Frequently Asked Questions
Answers to some frequently asked questions about Jaeger.
Why is the Dependencies page empty?
The Dependencies page shows a graph of services traced by Jaeger and connections between them. When you are using in-memory storage, the graph is calculated on-demand from all the traces stored in memory. However, if you are using real distributed storage like Cassandra, Elasticsearch, or OpenSearch it is too expensive to scan all the data in the database to build the service graph.
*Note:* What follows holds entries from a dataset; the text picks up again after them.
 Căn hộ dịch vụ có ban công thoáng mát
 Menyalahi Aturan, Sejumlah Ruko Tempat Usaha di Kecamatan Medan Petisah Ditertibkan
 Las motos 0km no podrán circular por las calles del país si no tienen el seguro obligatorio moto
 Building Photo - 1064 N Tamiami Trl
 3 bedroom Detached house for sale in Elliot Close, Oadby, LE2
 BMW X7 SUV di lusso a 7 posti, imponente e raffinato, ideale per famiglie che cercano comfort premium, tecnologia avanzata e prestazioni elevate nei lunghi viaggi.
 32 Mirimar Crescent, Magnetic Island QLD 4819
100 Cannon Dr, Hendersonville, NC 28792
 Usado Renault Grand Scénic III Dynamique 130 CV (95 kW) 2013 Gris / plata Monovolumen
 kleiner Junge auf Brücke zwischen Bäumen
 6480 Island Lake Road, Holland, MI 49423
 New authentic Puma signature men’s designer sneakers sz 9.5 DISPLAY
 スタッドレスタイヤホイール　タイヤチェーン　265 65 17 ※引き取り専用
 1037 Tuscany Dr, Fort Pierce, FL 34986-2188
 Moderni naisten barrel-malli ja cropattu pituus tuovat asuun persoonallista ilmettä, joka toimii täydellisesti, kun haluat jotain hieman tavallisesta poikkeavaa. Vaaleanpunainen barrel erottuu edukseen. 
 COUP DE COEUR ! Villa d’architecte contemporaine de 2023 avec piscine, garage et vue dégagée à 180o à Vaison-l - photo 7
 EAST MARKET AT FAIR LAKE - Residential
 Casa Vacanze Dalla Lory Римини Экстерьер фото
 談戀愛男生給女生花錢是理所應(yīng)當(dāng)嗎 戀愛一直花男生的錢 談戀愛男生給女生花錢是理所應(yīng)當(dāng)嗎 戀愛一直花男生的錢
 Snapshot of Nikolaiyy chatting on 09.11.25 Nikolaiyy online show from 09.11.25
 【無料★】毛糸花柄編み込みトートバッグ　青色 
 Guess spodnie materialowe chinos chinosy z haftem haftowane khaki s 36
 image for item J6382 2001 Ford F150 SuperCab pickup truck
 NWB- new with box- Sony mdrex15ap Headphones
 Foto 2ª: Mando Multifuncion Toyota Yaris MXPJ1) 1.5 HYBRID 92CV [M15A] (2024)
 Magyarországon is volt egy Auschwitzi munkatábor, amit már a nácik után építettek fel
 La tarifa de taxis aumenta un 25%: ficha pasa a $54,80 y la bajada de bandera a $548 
Instead, the Jaeger project provides “big data” jobs that can be used to extract the service graph data from traces:
- https://github.com/jaegertracing/spark-dependencies - the older Spark job that can be run periodically
- https://github.com/jaegertracing/jaeger-analytics - the new (experimental) streaming Flink jobs that run continuously and builds the service graph in smaller time intervals
Why do I not see any spans in Jaeger?
Please refer to the Troubleshooting guide.
What is the recommended storage backend?
The Jaeger team recommends Elasticsearch or OpenSearch as the storage backend over Cassandra, for the following reasons:
Cassandra is a key-value database, so it is more efficient for retrieving traces by trace ID, but it does not provide the same powerful search capabilities as OpenSearch. Effectively, the Jaeger backend implements the search functionality on the client side, on top of k-v storage, which is limited and may produce inconsistent results (see issue-166 for more details). OpenSearch does not suffer from these issues, resulting in better usability. OpenSearch can also be queried directly, e.g. from Kibana dashboards, and provide useful analytics and aggregations.
Based on past performance experiments we observed single writes to be much faster in Cassandra than OpenSearch, which might suggest that it may sustain higher write throughput. However, because the Jaeger backend needs to implement search capability on top of k-v storage, writing spans to Cassandra is actually subject to large write amplification: in addition to writing a record for the span itself, Jaeger performs extra writes for service name and operation name indexing, as well as extra index writes for every tag. In contrast, saving a span to OpenSearch is a single write, and all indexing takes place inside the OpenSearch node. As a result, the overall throughput to Cassandra is comparable with OpenSearch.
One benefit of Cassandra backend is simplified maintenance due to its native support for data TTL. In OpenSearch the data expiration is managed through index rotation, which requires additional setup (see Elasticsearch Rollover).
Why do Jaeger trace IDs look differently in Kafka and in the UI?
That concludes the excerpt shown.